Last evening, after reading a couple of questions about nested radicals, I started to wonder about problems involving what I will term "alternating nested radicals;" below is an example, which I found here.
Prove the convergence of, and evaluate, $\sqrt{7 -\sqrt{7 + \sqrt{7…}}}$
It turns out that this nested radical converges to $2$, and this is not especially hard to argue on an ad-hoc basis.

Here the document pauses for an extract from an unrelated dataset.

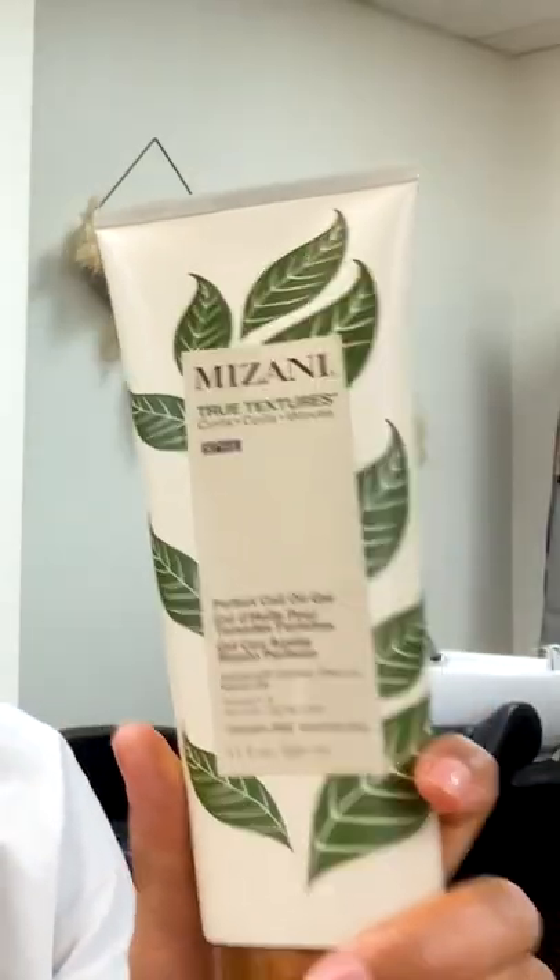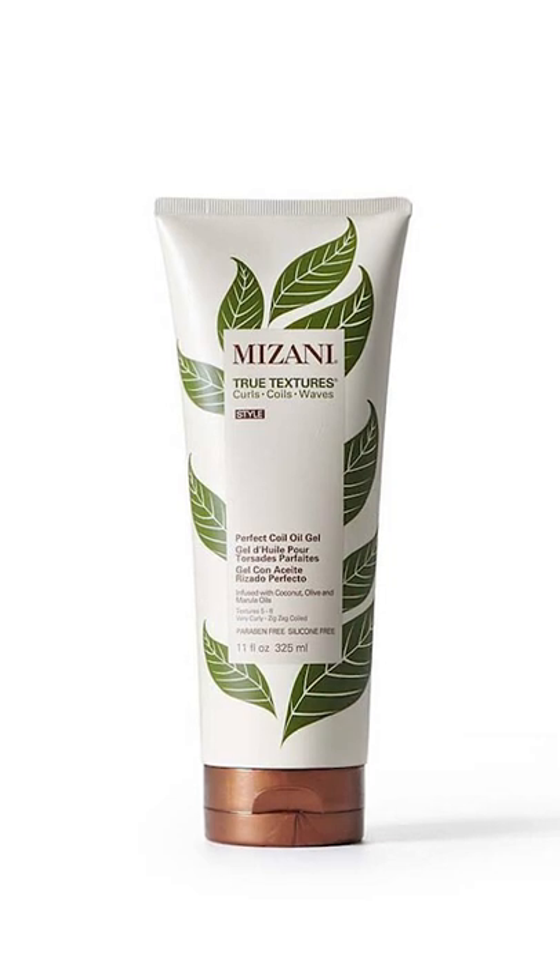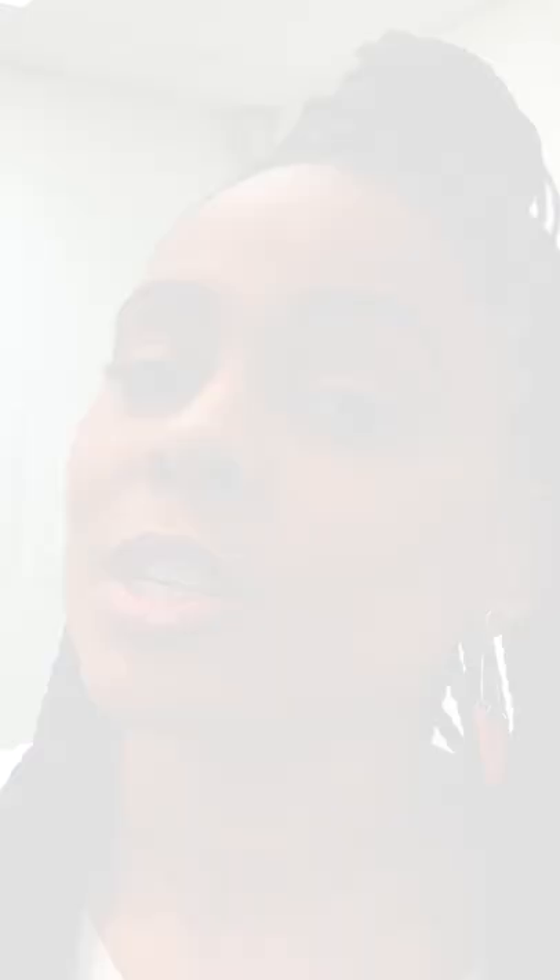You can use it as a refresher or to style your hair. Using Mazani's True Textures Perfect Coil Oil Gel is a go-to for me for long-lasting curls without the residue. Those are my go-to's for not only moisturizing and prepping the hair, but styling and keeping longevity throughout the week.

However, I became interested in the general solution of the problem of evaluating $\sqrt{q -\sqrt{q + \sqrt{q…}}} \text{ }\text{ }$ for an arbitrary positive real $q$. Despite some searching, I was not able to find a paper which stated a theorem on this, so I resorted to working it out for myself.
I have developed an argument which I believe gives the correct result for all $q > 1.$ I have checked its predictions against several alternating nested radicals, and they agree with computation.

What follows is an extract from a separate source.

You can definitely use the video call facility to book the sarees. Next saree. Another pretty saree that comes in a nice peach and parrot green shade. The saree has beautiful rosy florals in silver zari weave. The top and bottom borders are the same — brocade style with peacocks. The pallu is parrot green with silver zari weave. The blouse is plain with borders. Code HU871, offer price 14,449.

Theorem: $\sqrt{q -\sqrt{q + \sqrt{q…}}} = \frac{\sqrt{1 + 4(q-1)}-1}{2}$
Argument: We make two significant assumptions:
- that $\sqrt{q -\sqrt{q + \sqrt{q…}}} \text{ }\text{ }$ converges; and,
- inspired by the fact that $\sqrt{q +\sqrt{q + \sqrt{q…}}} \text{ }\text{ } = x$ satisfies $x^2 – x – q = 0$, we assume that $\sqrt{q -\sqrt{q + \sqrt{q…}}} \text{ }\text{ } = x$ satisfies $x^2 + x – a$ for some $a$.
By the self-similarity of the alternating nested radical, we find
\begin{align}
\sqrt{q – \sqrt{q + x}} &= x \\
q – \sqrt{q + x} &= x^2 \\
&= a-x \\
\therefore q + x – \sqrt{q + x} &= a
\end{align}
Solving this as a quadratic in $\sqrt{q+x}$ yields $$\sqrt{q+x} = \frac{\sqrt{1 + 4a} + 1}{2}.$$ Again using our second assumption, we have $$x = \frac{\sqrt{1 + 4a} – 1}{2}.$$ But now
$$ \sqrt{q+x} – x = \frac{\sqrt{1 + 4a} + 1}{2} – \frac{\sqrt{1 + 4a} – 1}{2} = 1$$
and so we get
$$ q+x = (1+x)^2$$
and thus
$$ x^2 + x – (q-1) = 0.$$
Solving this quadratic for $x$ then gives the theorem.

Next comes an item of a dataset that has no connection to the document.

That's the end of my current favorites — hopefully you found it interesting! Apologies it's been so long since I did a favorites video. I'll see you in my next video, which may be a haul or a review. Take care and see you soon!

I am pretty sure that my second assumption above would be impossible to defend; so, basically, I have the following questions:
- How can we rigorously prove that the alternating nested radical converges?
- How can we show, for a general $q$, that it converges to the value given in the theorem?
And one other thing: any general references to ubiquitous convergence theorems or techniques would be greatly appreciated!
Best Answer
Consider the function $f(x) = \sqrt{q - \sqrt{q+x}}$. If we don't want to allow square roots of negative numbers, we need $x \ge -q$ and $q \ge \sqrt{q+x}$, so $x \le q^2 - q$. On the interval $[-q, q^2 - q]$, $f$ is easily seen to be decreasing, with $$f'(x) = -\frac{1}{4 \sqrt{q - \sqrt{q+x}} \sqrt{q+x}}$$ Note also that $f(-q) = \sqrt{q}$ and $f(q^2-q) = 0$. $f$ has a unique fixed point on the interval as long as $q^2 - q \ge 0$, i.e. $q \ge 1$. This fixed point turns out to be $$p = \dfrac{-1+\sqrt{4q-3}}{2}$$ Now $f'(p) = -1$ for $q = 5/4$. When $q < 5/4$, $f'(p) < -1$ and the fixed point is unstable. When $q > 5/4$, $f'(p) > -1$ and the fixed point is stable. When that is true, there is some interval around $p$ such that the recursion $x_{n+1} = f(x_n)$, started at any $x_0$ in the interval, tends to the limit $p$. That gives some justification to identifying $\sqrt{q - \sqrt{q + \sqrt{q - \sqrt{\ldots}}}}$ as $p$.